The other consideration that is a little tricky to discuss is the Board of Registration of Home Inspectors in Massachusetts and its perspective. I have personally attended meetings as a guest and felt they made it clear that pre-offer inspections would be considered “home inspections” however at least in the conversations I was privy to, they took no formal statement and have also issued no formal bulletin that I have seen. They also may not issue any notice until a complaint comes in about one of these pre-offer inspections.

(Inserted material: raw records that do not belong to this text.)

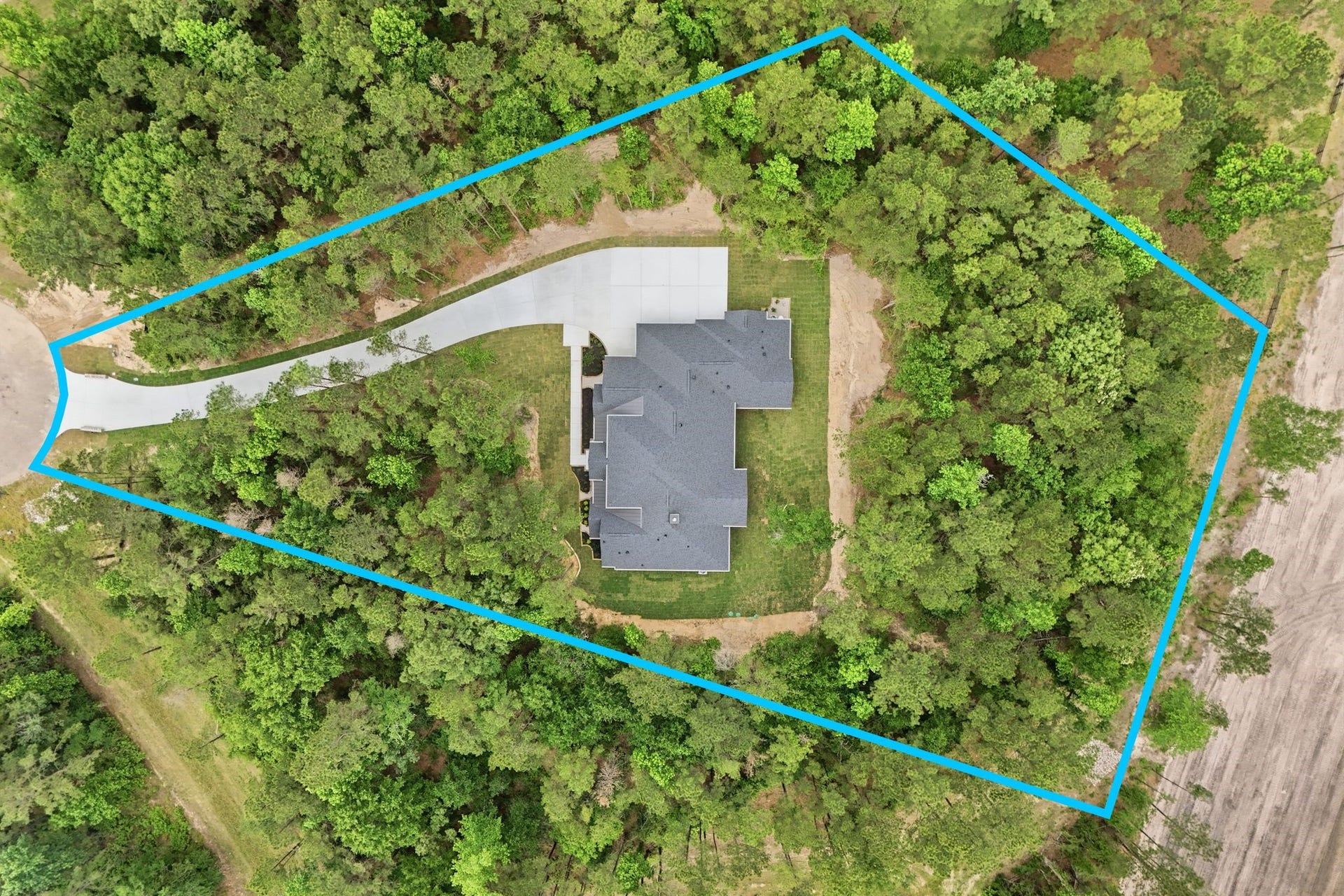 8104 High Meadow Ridge Court, Montgomery, TX 77316 8104 High Meadow Ridge Court, Montgomery, TX 77316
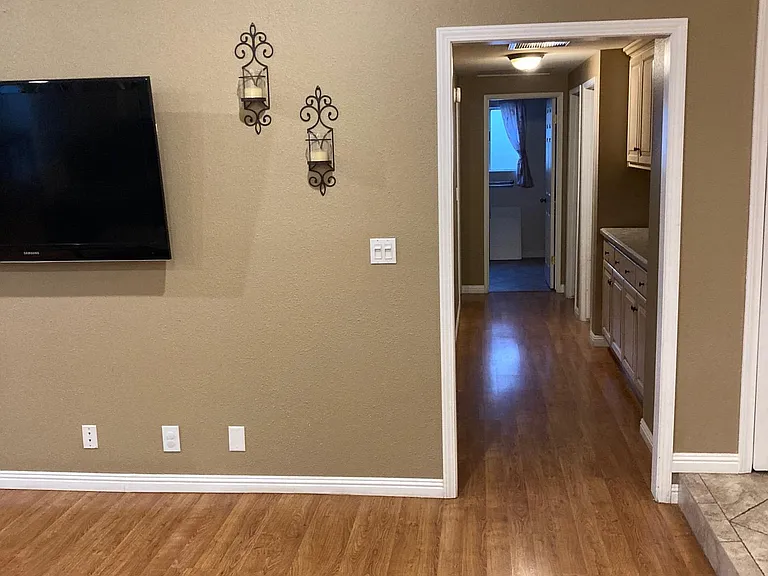 860 Glendora Mountain Rd — Photo 15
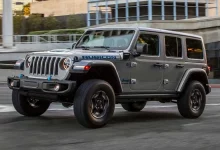 Компания Jeep проведет отзывную кампанию для 200 000 гибридов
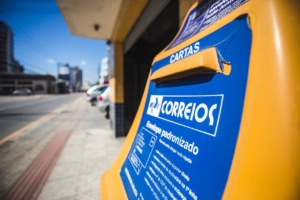 Correios divulga edital com 4.983 vagas para jovem aprendiz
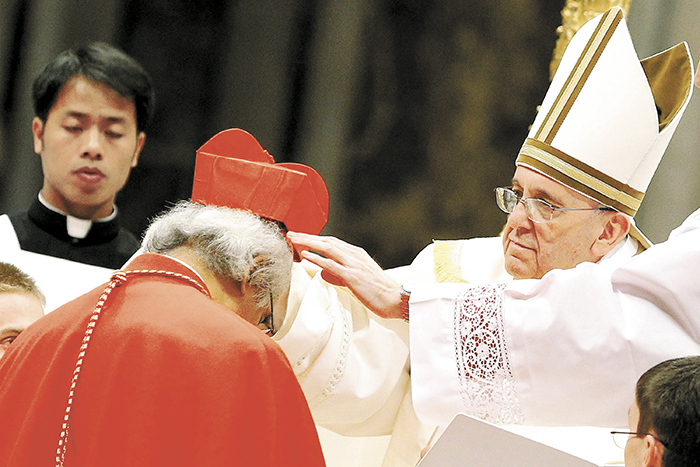 El papa Francisco mientras ordenaba al cardenal Leopoldo Brenes, en febrero de 2014, el segundo en la historia del país. LA PRENSA/ ARCHIVO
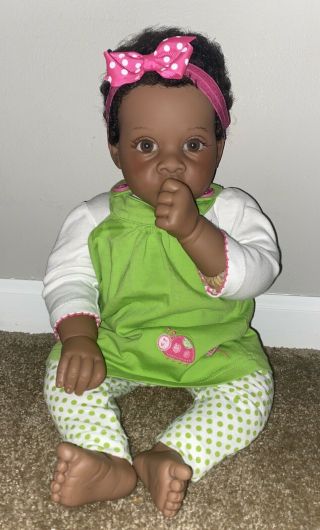 Lee Middleton Doll African American Thumb Sucker 20 " Doll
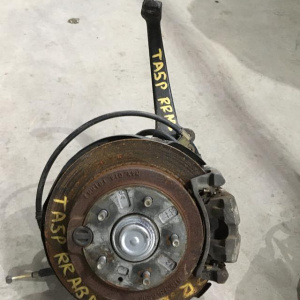 Ступица Mazda TA5P Millenia зад, прав ABS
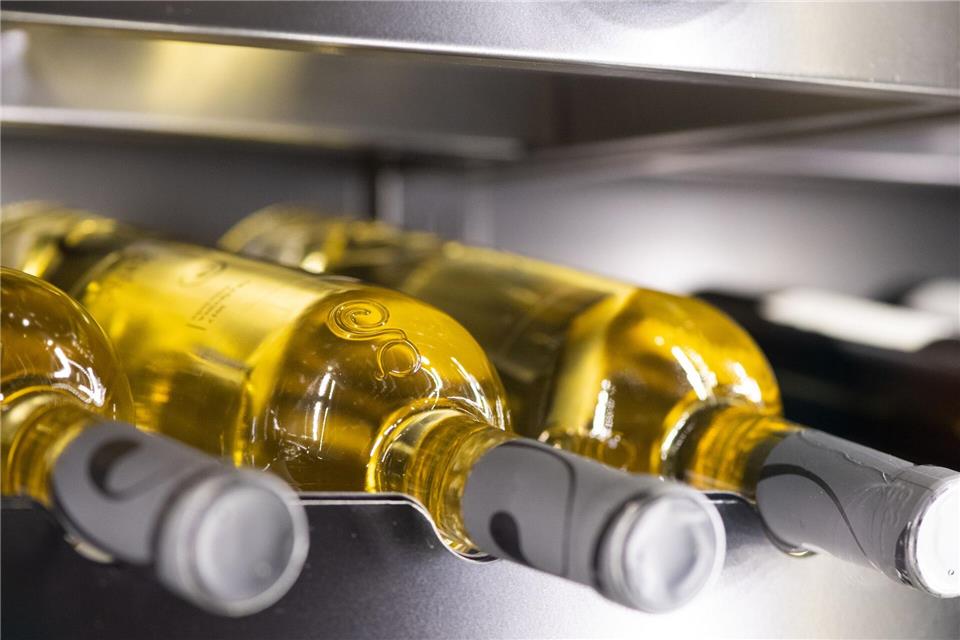In einem Weinkühlschrank sind die Lagerbedingungen für den Lieblingswein natürlich optimal. Franziska Gabbert/dpa-tmn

Ok, we took a deep dive into home inspections being waived, pre-offer inspections, and the complexity of these issues. I will spare you from too much of my opinion on this topic because I feel strongly about what is best for the consumer and have an obvious bias. So, what should a consumer take away from this article? I cannot offer any legal advice but would caution you to consider the risks of any decision you make. If you choose to waive an inspection, you are taking significant risks as noted above but I would certainly encourage anyone who has already waived their inspection to consider an inspection now. If you are considering the strategy of a pre-offer inspection, ask yourself these questions. If there is no report provided, how can I prove my inspector missed something? What is the agreement saying about my “pre-offer” inspection (am I signing something accepting waiving aspects of an inspection)? If my inspector is spending less time or using less tools, what are they not looking at and potentially missing? These questions can help you identify some of the risks you may be taking without otherwise knowing them.
Lastly, having been involved in so many transactions, I understand the situation many clients are in. There is a tremendous amount of pressure that happens in a quick period when purchasing a home. Realtors often tell clients to be prepared ahead of time for when the right property appears. I completely agree with this idea but think you should prepare a lot more than just having financing preapprovals and the traditional steps. Talk to a home inspector prior to putting in any offers. You should select your home inspector as early as possible, ask him what type of advance timing he needs for scheduling and discuss types of inspection options with him. This puts you at a huge advantage because these decisions are much more difficult when emotions and stress are involved with a particular property. Decide what you’re willing to waive ahead of time and stick to it. Too many times I see clients who say, “I would never waive an inspection” and then shortly after they are considering it. There are sometimes second rounds of offers and high-stress situations where clients feel obligated to make desperate decisions. I would mentally commit to whatever risk you’re comfortable with and then stick to it. Realtors and Home Inspectors alike want you to make your own decisions, but we also want you to do so knowing all the facts. Research in advance is the best option and if this article can get you thinking about these things, it accomplished its goal!